Competition is a surprisingly difficult concept even to define. Modern lexicographers have failed repeatedly to improve on the definition given by Samuel Johnson in his 1755 work Dictionary of the English Language. In it he declares “competition” to be a noun meaning “the act of endeavoring to gain what another endeavors to gain at the same time; rivalry; contest.” Yet even this definition is unacceptably narrow, since it limits to two the number of admissible competitors. Auctions, spelling bees, primary elections, horse races, and track and field events, as well as golf, tennis, and bowling tournaments, typically allow large numbers of hopefuls to compete. At the very least, Dr. Johnson’s definition should be amended to read “what others endeavor to gain.”

 

     Like solitaire, crosswords, picture-, and other sorts of puzzles may be viewed as single-player games. All such games can, in principle, be solved mathematically. Although it might take the fastest conceivable computer millions of years to crack a particularly difficult puzzle, it is at least possible to define what is meant by a solution, and to specify the steps a computer would have to perform in order to find one. The same cannot be said of contests open to three or more competitors, since there is no universally accepted definition of a solution. As a result, leading authorities can disagree as to which, if any, of several proposed solutions for a particular many-player game is valid.

 

     Two-player games can go either way. Those of the “zero-sum” variety, in which the winner wins only what the loser loses, are almost as solvable as puzzles and solitaire. Those that are not zero-sum are nearly as insoluble as many-player games. It is indeed unfortunate that the forms of competition that most directly affect human welfare—such as wars and commercial competition—are rarely zero-sum, and typically involve more than two competing factions.
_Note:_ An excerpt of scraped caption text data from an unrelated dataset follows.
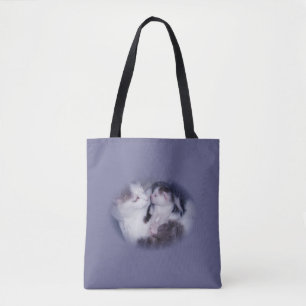 Mamma en haar baby kitten grijs witte tabby tote bag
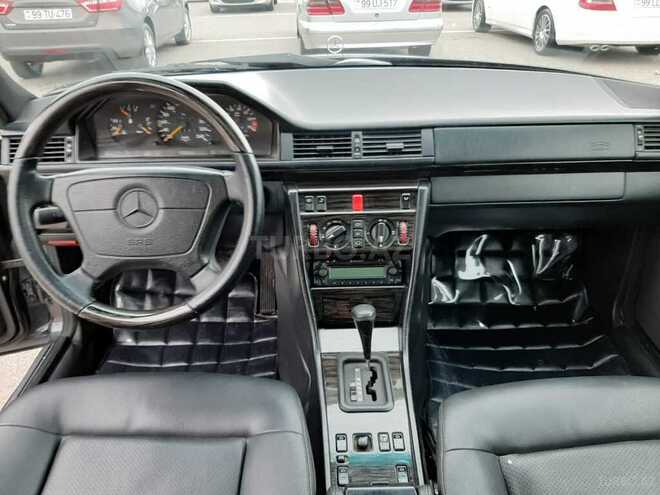 Mercedes E 220 1995, 198,400 km - 2.2 l - Bakı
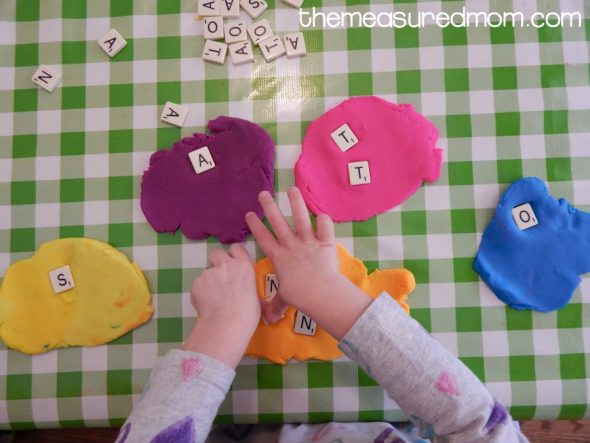 Check out this collection of simple letter V activities for 2-year-olds!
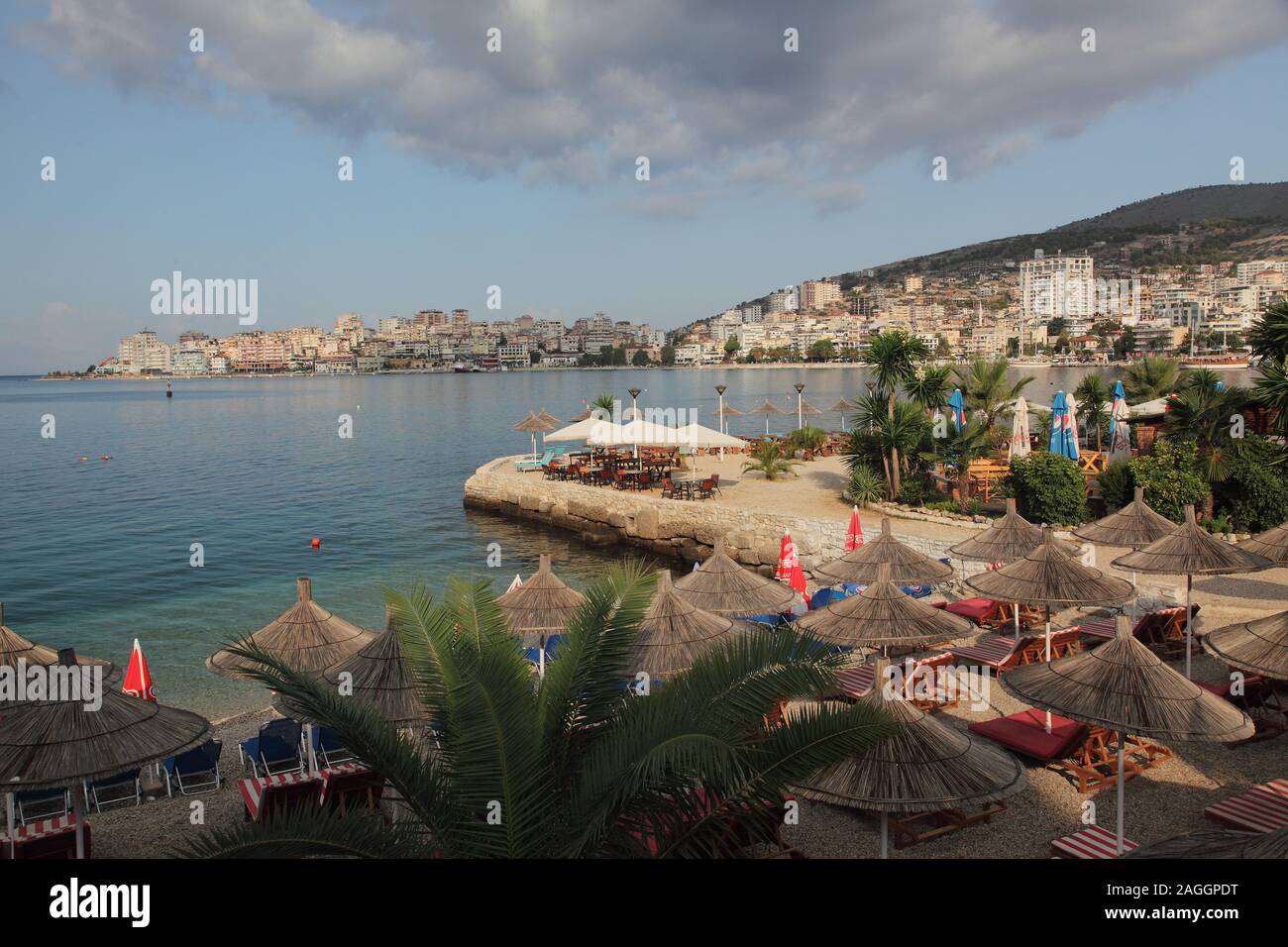 La stazione balneare di Saranda,dal mar Ionio, nel sud-ovest di Albania Foto Stock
It is worth noting that, whenever many-player games such as Scrabble and Monopoly are contested at the tournament level, the rules are altered to transform them into two-player zero-sum games. Many-player and non-zero-sum games are simply too confusing for tournament play. With three or more players, there would be no end of complaints from alleged victims of collusion.

 

     It was not until 1944 that John von Neumann and Oskar Morgenstern developed a truly workable definition of competition. It took them an entire chapter of their groundbreaking Theory of Games and Economic Behavior to explain what they had done. From the realization that a game is—for analytical purposes—nothing more than a book of rules, they distilled a concise (if forbiddingly technical) definition of a game. Only gradually did it become clear that all forms of competition can be made, with but little modification, to fit their definition. Indeed, more than sixty years after they wrote, no one has identified a form of competition that seems incompatible with the von Neumann–Morgenstern definition of a game. In 1950, Harold Kuhn developed the simpler and more graphic, yet logically equivalent, form of that definition to be found in Chapter 3. Though dictionaries may never include the entry “com’pe ti’tion (kom’pê tish9’un), n. See game,” the emerging science of competition has yet to discover anything suggesting that such an entry would be misleading.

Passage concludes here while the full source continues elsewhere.